C’est un euphémisme de dire que, parfois, les séparations entre entreprises et dirigeants peuvent s’avérer complexes à gérer. Si, fort heureusement, quelques-unes se passent bien, elles sont loin d’être majoritaires. En revanche, celles qui aboutissent à un accord indemnitaire, à court ou moyen terme, constituent la règle.
La décision commentée montre encore que, dans certains cas, un contentieux judiciaire entre entreprise et dirigeant peut se poursuivre pendant près de dix ans.
Une rupture conflictuelle
Après l’avoir révoqué au mois de mai 2005, une société a assigné son ancien Directeur Général devant le Tribunal de Commerce pour obtenir (entre autres choses) le remboursement d’un peu plus de 11.000 € de dépenses non justifiées engagées avec la carte bancaire mise à sa disposition par l’entreprise.
Le dirigeant s’est défendu en exposant que la société ne prouvait pas le caractère excessif ou non professionnel des dépenses engagées.
Evoquant la règle de droit selon laquelle celui qui réclame l’exécution d’une obligation doit la prouver (article 1315 du code civil), l’ancien Directeur Général soutenait avoir remis les justificatifs des dépenses à la société avant de quitter ses fonctions et indiquait que c’était à la société de prouver qu’il s’était servi de la carte de la société de manière fautive c’est-à-dire, soit de manière professionnelle mais excessive, soit à des fins personnelles. Il ajoutait que le défaut de production des facturettes et l’absence d’explications de sa part ne caractérisaient pas le caractère irrégulier des dépenses engagées ni en quoi, compte tenu de ses fonctions et de ses besoins, des dépenses de l’ordre de 11.000 € sur une période de neuf mois auraient été excessives.
La cour d’appel rejette la demande de la société.
Le 26 octobre 2011 (alors que la procédure dure déjà depuis 6 ans), la Cour d’appel de Toulouse a fait droit à l’argumentaire du dirigeant et rejeté la demande de la société en retenant que c’était à elle d’établir le caractère irrégulier des dépenses, c’est-à-dire de prouver que l’ancien Directeur Général s’était servi de la carte mise à sa disposition de façon fautive.
La Cour d’appel a également jugé que le défaut de production des facturettes et l’absence d’explications de la part de l’ancien Directeur Général n’établissaient pas le caractère irrégulier des dépenses dont le remboursement était demandé.
Ce n’est cependant pas la fin de la procédure.
L’ancien dirigeant a dû penser qu’il avait gagné, mais la société s’est pourvue en cassation et la Chambre commerciale de la haute juridiction lui a donné raison en retenant que c’est au dirigeant social de rendre compte de sa gestion en justifiant les dépenses engagées par lui au moyen de fonds sociaux.

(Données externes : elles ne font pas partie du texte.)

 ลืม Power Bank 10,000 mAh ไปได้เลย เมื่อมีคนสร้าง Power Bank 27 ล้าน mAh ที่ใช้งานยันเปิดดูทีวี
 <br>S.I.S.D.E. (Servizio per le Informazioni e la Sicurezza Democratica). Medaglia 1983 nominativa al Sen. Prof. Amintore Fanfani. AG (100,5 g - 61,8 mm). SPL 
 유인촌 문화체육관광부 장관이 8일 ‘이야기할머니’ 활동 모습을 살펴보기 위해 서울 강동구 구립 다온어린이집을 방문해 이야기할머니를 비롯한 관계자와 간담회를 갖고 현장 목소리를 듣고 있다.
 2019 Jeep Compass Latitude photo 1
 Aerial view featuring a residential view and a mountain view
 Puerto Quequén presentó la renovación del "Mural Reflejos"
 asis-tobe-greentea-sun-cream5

En conséquence, la Cour de cassation casse l’arrêt de la cour d’appel de Toulouse au motif que la cour d’appel avait inversé la charge de la preuve, en violation des dispositions de l’article 1315 du code civil.
A ce jour, huit années se sont écoulées, on ignore à quelle date la Cour de renvoi statuera à nouveau.
Quels enseignements tirer de cette décision ?
Compte tenu des délais dans lesquels les affaires sont actuellement jugées, lorsqu’elles vont en appel, il s’écoule entre quatre et six ans entre la rupture du mandat social et l’obtention d’une décision de justice. Il faut compter près de dix ans lorsque, comme en l’espèce, intervient un arrêt de cassation. Il vaut donc mieux s’éviter de risquer un procès susceptible de s’éterniser soit en faisant procéder à un contrôle de ses dépenses au fil de l’eau pendant l’exécution du mandat ou, au plus tard, juste avant le départ de l’entreprise.
Lorsque les conditions de la relation ne permettent pas de prendre ces précautions avant la rupture de la relation, la jurisprudence retenant que c’est aux dirigeants de justifier des dépenses engagées, nous ne pouvons que leur conseiller de copier l’intégralité du disque dur de leur ordinateur professionnel et de prendre copie de tous les documents probants susceptibles de leur être demandés, lorsqu’ils quittent une entreprise.
Sur un autre registre, on peut se demander, si un quitus aurait-il permis d’éviter l’action de la société ?
La réponse est négative. En effet, si le quitus donné à un dirigeant peut être utile en cas de contestation du motif de révocation (pour autant qu’un juste motif soit nécessaire), on sait qu’il ne peut faire obstacle ni à une action sociale (préjudice subi par la société) ni à une action individuelle (préjudice subi par un associé) en responsabilité.
Dans l’affaire commentée un quitus n’aurait donc pas permis au dirigeant de se soustraire à l’action engagée par la société à son encontre.